#### Description of the task
After finding the line that contains "Villa BG12 by JoyLettings" in the material below, print that line and all subsequent lines exactly, up to and including the last.

#### Provided material
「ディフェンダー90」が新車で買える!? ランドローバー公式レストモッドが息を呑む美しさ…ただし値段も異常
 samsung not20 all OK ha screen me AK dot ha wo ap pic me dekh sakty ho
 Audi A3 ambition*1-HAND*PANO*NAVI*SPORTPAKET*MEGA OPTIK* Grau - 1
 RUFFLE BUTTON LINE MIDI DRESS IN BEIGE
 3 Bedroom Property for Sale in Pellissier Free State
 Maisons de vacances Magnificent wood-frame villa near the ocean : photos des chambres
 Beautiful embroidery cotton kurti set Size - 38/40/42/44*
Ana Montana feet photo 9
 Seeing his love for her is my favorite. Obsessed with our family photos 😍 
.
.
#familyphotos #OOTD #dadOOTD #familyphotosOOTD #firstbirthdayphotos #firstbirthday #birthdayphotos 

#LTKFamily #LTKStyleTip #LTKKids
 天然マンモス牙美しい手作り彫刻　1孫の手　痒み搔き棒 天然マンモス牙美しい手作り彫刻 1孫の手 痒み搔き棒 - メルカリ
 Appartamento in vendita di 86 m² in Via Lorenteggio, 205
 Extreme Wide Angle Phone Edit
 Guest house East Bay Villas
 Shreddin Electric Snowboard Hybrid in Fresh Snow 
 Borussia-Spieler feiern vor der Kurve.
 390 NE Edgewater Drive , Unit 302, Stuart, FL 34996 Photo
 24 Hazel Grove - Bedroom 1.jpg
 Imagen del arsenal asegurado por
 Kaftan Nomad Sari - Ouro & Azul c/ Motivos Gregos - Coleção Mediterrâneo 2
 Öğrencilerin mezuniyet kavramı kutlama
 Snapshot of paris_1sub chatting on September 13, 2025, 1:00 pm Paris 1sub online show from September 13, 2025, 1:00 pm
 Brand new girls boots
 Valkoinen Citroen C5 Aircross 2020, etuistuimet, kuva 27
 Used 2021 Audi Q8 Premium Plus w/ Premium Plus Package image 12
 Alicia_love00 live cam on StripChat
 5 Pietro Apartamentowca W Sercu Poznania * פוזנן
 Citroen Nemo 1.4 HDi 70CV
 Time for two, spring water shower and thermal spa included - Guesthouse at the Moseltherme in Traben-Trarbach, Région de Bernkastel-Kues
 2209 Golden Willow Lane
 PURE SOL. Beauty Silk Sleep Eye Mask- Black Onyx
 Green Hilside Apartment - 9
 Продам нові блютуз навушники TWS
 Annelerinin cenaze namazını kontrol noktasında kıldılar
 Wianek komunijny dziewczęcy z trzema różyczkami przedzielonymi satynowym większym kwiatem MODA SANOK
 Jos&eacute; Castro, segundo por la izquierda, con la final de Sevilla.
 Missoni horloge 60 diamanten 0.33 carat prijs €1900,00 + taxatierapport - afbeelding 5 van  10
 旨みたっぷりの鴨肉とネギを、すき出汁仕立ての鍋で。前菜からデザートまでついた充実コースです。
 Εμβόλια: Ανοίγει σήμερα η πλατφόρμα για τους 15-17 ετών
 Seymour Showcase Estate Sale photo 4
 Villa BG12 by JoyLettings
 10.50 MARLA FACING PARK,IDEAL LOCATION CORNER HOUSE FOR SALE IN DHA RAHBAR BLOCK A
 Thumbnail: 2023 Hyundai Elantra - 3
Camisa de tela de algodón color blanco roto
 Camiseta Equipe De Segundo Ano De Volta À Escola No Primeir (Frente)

#### Answer section
 Villa BG12 by JoyLettings
 10.50 MARLA FACING PARK,IDEAL LOCATION CORNER HOUSE FOR SALE IN DHA RAHBAR BLOCK A
 Thumbnail: 2023 Hyundai Elantra - 3
Camisa de tela de algodón color blanco roto
 Camiseta Equipe De Segundo Ano De Volta À Escola No Primeir (Frente)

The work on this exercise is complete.